Ghana Energy Industry

By | March 23, 2021

In addition to the considerable oil reserves, there are also considerable reserves of natural gas under the ocean floor, which, based on current knowledge, should amount to more than 20 billion cubic meters of natural gas, but which are not yet being extracted. Rather, the ‘Associated Gas’ released during oil production is flared and partly injected again, but there are concrete plans to feed the natural gas to the Aboadze thermal power station near Sekondi-Takoradi, the new ‘El Dorado’, for the purpose of generating electricity.
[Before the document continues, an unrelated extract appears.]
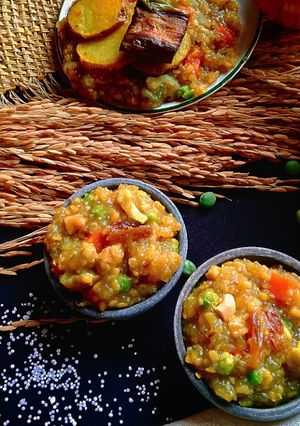 নিরামিষ সাবুর খিচুড়ি (niramish sabur khichuri recipe in bengali) রেসিপির প্রধান ছবি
As one of 16 countries located in Western Africa according to cellphoneexplorer, Ghana is heavily dependent on gas supplies from Nigeria, which according to the contract amount to 120 million ‘standard cubic feet’ and reach Ghana via the ‘West African Gas Pipeline’ (WAGP). So far, problems have repeatedly arisen on both sides. While Nigeria often failed to keep its promises, Ghana repeatedly got into financial difficulties. At the end of June 2016, WAPG temporarily stopped delivering gas as the Ghanaian side once again failed to meet its payment obligations. The precarious power supply that had existed for years deteriorated again. In the meantime, the situation has eased somewhat and Ghana is now even exporting electricity to neighboring countries Cote d’Ivoire. Hydropower to generate electricity for industry at the giant Akosombo Dam, and traditional uses of kerosene and charcoal are still prevalent for households.

Electricity generation and with it the inadequate energy supply in the past have improved – at the end of 2018, an installed capacity of 4,400 MW was available nationwide, although 3,800 MW can be regarded as reliable. The government is committed to promoting renewable energies, although their share is only around one percent. In a first step, a Greenhouse Estate project is being developed in the Greater Accra area as part of the NEIP program, which is to be expanded into the largest of its kind in Africa in the medium term. Towards the end of the severe energy crisis under the previous government of President Mahama, new electricity capacities were created with the help of external energy companies such as Karpowership established and long-term supply contracts for liquefied gas concluded on the basis of take-or-pay. Ghana now has considerable overcapacities and purchase commitments, which have entailed considerable financial risks and could cost more than USD 10 billion in the national budget in the election year and in the next legislative period.

The current annual cost of unused energy is approximately $ 500 million. In addition, nearly $ 3 billion in debt weighs on the electricity sector, in which the Electricity Company of Ghana (ECG), the Ghana Grid Company (GRIDCO) and the Northern Electricity Distribution Company (NEDCO) are responsible for transmission and allocation. Almost half of the unpaid bills are due to government institutions and companies, as well as technically caused energy losses and reduced electricity prices. The multi-year Energy Sector Recovery Program (ESRP) adopted in May 2019 aims to find a medium-term solution to the crisis with the help of the World Bank. The cancellation of the concession for the privately organized Ghanaian-international consortium Power Distribution Services (PDS), announced by the government and the ECG in October 2019, may represent a major setback for the reform efforts, as there are considerable legal and financial risks. In addition, the government did not paint a good picture on this complex matter.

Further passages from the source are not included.